We lack jurisdiction under 16 U.S.C. §§ 8251(b) to entertain Petitioners' statutory construction argument because it was neither raised in the administrative proceedings nor in the request for rehearing. We hold that FERC was not bound by the Forest Service's 1986 determination regarding the Diobsud Creek project. We therefore dismiss in part and deny in part the petition.

I. Background
A. Statutory Background

The Federal Power Act ("FPA") requires that a party seeking to construct, operate or maintain a hydroelectric power facility must obtain a license from FERC. See 16 U.S.C. §§ 817. FERC's authority to provide such licenses, however, is not unlimited. Section 7(a) of the Wild and Scenic Rivers Act,1 16 U.S.C. §§ 1278(a), provides that:

[FERC] shall not license the construction of any . . . project works under the [FPA] . . . on or directly affecting any river which is designated . . . as a component of the national wild and scenic rivers system . . . , and no department or agency of the United States shall assist by loan, grant, license, or otherwise in the construction of any water resources project that would have a direct and adverse effect on the values for which such river was established, as determined by the Secretary charged with its administration.

Section 7(a) further states that:

Nothing contained in the foregoing sentence, however, shall preclude licensing of, or assistance to, developments below or above a wild, scenic or recreational river area or on any stream tributary thereto which will not invade the area or unreasonably diminish the scenic, recreational, and fish and wildlife values present in the area [at the time it was designated as a wild and scenic river area].

In 1978, Congress designated major portions of the Skagit River as part of the wild and scenic rivers system. 16 U.S.C. §§ 1274(a)(18). Because the Skagit River runs through the Mount Baker-Snoqualmie National Forest, the Secretary of Agriculture administers this particular wild and scenic river area through the Forest Service. See 36 C.F.R. §§ 200.1(c)(2).

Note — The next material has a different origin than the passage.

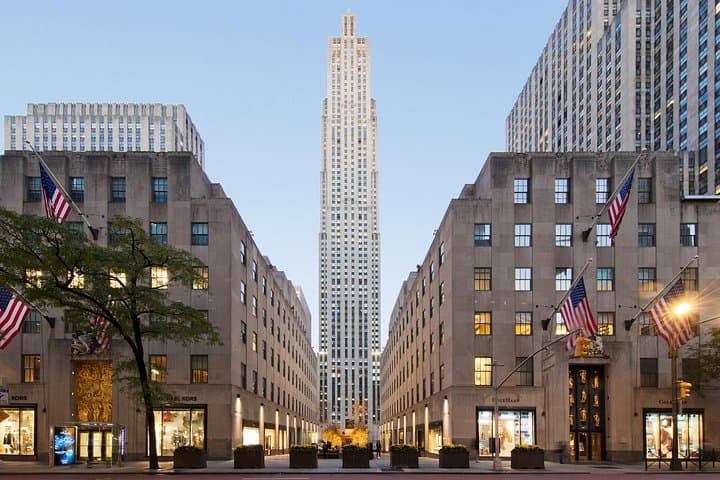Rockefeller Center Walking Tour with Top of the Rock: Art Deco, Radio City & 360° Views photo 2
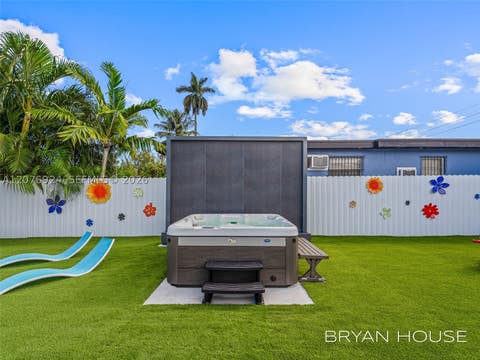 Tiny photo for 3341 NW 20th St, Miami, FL 33142 (MLS # A12076924)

B. Factual and Procedural Background

Between 1983 and 1990, seven parties, including Petitioners, filed license applications for eight hydropower projects in the Skagit River Basin.2 The hydroelectric plants would use a small diversion structure, similar to a dam, to route portions of the stream through a pipeline, generating five megawatts of electric power. If licensed, the two projects relevant here -the Rocky Creek project and the Diobsud Creek project -would be constructed within the Mount Baker-Snoqualmie National Forest on tributaries of the Skagit River. Neither location falls within the boundaries of the Skagit Wild and Scenic River ("Skagit WSR").

In April 1998, FERC conducted a basin-wide analysis and published a Final Environmental Impact Statement ("FEIS"). In the FEIS, FERC recommended denying five of the eight applications, including those at issue here. See 87 Fed. Energy Reg. Comm'n Rep. (CCH) ¶¶ 61,123, 61,491 n.3 (1999).

Thereafter, the Forest Service prepared its 1998 determination in which it assessed whether any of the proposed projects might "invade" or "unreasonably diminish the scenic, fish and wildlife values" of the Skagit WSR. Relying on FERC's FEIS, the knowledge of the Forest Service staff, and other available data (including a 1995 Forest Service report on the slope stability risk analysis for Skagit River small hydropower projects), the Forest Service concluded that six of the eight projects -including Rocky Creek and Diobsud Creek -would "unreasonably diminish" the fishery value in the Skagit WSR. In particular, the Forest Service concluded that the projects risked sediment delivery which could affect vulnerable fish stocks. The Forest Service further determined that none of the proposed mitigation measures would bring the risk to an acceptable level.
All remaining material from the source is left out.